## Web page caption snippets

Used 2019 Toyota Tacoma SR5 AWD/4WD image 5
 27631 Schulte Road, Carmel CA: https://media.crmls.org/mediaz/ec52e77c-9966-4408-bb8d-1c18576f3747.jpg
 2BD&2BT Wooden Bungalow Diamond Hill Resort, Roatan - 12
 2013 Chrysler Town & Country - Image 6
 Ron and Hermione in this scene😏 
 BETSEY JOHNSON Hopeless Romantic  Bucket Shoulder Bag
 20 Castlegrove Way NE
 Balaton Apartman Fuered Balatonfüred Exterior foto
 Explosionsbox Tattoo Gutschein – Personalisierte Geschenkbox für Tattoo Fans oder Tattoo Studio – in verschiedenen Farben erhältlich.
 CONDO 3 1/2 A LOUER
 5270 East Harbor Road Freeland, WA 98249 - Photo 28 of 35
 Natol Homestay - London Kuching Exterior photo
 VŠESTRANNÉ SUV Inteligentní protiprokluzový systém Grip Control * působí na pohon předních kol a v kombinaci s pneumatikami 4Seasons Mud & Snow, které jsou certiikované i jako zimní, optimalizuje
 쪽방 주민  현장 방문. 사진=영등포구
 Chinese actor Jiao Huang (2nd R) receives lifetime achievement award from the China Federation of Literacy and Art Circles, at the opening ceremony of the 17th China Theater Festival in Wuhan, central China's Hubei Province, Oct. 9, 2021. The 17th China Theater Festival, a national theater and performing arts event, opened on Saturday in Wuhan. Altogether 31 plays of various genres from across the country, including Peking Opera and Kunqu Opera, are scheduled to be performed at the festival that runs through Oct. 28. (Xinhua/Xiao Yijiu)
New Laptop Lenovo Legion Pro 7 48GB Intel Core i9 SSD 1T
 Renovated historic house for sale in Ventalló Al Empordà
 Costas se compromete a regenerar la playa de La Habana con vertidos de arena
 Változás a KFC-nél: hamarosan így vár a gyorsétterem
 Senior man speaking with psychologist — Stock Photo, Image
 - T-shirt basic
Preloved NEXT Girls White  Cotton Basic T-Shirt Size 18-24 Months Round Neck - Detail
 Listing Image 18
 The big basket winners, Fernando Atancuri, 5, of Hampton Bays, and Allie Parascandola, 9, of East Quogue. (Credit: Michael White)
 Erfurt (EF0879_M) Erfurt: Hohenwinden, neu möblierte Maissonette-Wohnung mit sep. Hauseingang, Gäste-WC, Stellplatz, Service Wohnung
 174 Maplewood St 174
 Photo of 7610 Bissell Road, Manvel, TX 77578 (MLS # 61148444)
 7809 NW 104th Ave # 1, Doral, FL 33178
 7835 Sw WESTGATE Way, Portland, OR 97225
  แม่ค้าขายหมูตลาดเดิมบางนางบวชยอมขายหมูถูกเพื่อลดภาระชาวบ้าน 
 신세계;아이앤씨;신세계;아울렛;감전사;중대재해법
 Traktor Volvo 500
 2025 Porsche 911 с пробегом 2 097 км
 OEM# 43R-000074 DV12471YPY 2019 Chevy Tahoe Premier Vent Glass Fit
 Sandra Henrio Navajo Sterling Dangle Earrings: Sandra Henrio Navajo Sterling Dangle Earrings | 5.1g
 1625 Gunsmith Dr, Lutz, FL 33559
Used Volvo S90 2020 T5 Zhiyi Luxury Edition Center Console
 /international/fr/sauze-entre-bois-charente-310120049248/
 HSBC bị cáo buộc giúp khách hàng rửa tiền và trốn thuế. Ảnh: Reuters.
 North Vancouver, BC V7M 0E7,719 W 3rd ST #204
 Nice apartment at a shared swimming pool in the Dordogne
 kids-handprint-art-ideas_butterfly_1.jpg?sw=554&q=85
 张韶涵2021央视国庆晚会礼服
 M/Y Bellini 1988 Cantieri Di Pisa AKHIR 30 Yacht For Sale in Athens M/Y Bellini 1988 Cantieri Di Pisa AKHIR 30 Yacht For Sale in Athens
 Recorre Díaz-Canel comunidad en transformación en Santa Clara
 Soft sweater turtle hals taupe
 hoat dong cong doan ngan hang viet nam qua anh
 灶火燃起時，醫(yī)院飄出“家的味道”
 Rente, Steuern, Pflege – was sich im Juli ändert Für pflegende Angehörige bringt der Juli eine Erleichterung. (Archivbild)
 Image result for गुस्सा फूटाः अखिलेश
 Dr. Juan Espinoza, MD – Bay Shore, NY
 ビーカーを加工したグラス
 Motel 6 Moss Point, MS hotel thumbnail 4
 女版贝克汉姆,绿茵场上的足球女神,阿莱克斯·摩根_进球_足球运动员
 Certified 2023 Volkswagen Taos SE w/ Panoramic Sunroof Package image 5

## EXERCISE OBJECTIVE
Using the entries above, output exactly the lines between the line holding "CONDO 3 1/2 A LOUER" and the line holding "- T-shirt basic", end lines included, and nothing more.

## EXERCISE RESPONSE
 CONDO 3 1/2 A LOUER
 5270 East Harbor Road Freeland, WA 98249 - Photo 28 of 35
 Natol Homestay - London Kuching Exterior photo
 VŠESTRANNÉ SUV Inteligentní protiprokluzový systém Grip Control * působí na pohon předních kol a v kombinaci s pneumatikami 4Seasons Mud & Snow, které jsou certiikované i jako zimní, optimalizuje
 쪽방 주민  현장 방문. 사진=영등포구
 Chinese actor Jiao Huang (2nd R) receives lifetime achievement award from the China Federation of Literacy and Art Circles, at the opening ceremony of the 17th China Theater Festival in Wuhan, central China's Hubei Province, Oct. 9, 2021. The 17th China Theater Festival, a national theater and performing arts event, opened on Saturday in Wuhan. Altogether 31 plays of various genres from across the country, including Peking Opera and Kunqu Opera, are scheduled to be performed at the festival that runs through Oct. 28. (Xinhua/Xiao Yijiu)
New Laptop Lenovo Legion Pro 7 48GB Intel Core i9 SSD 1T
 Renovated historic house for sale in Ventalló Al Empordà
 Costas se compromete a regenerar la playa de La Habana con vertidos de arena
 Változás a KFC-nél: hamarosan így vár a gyorsétterem
 Senior man speaking with psychologist — Stock Photo, Image
 - T-shirt basic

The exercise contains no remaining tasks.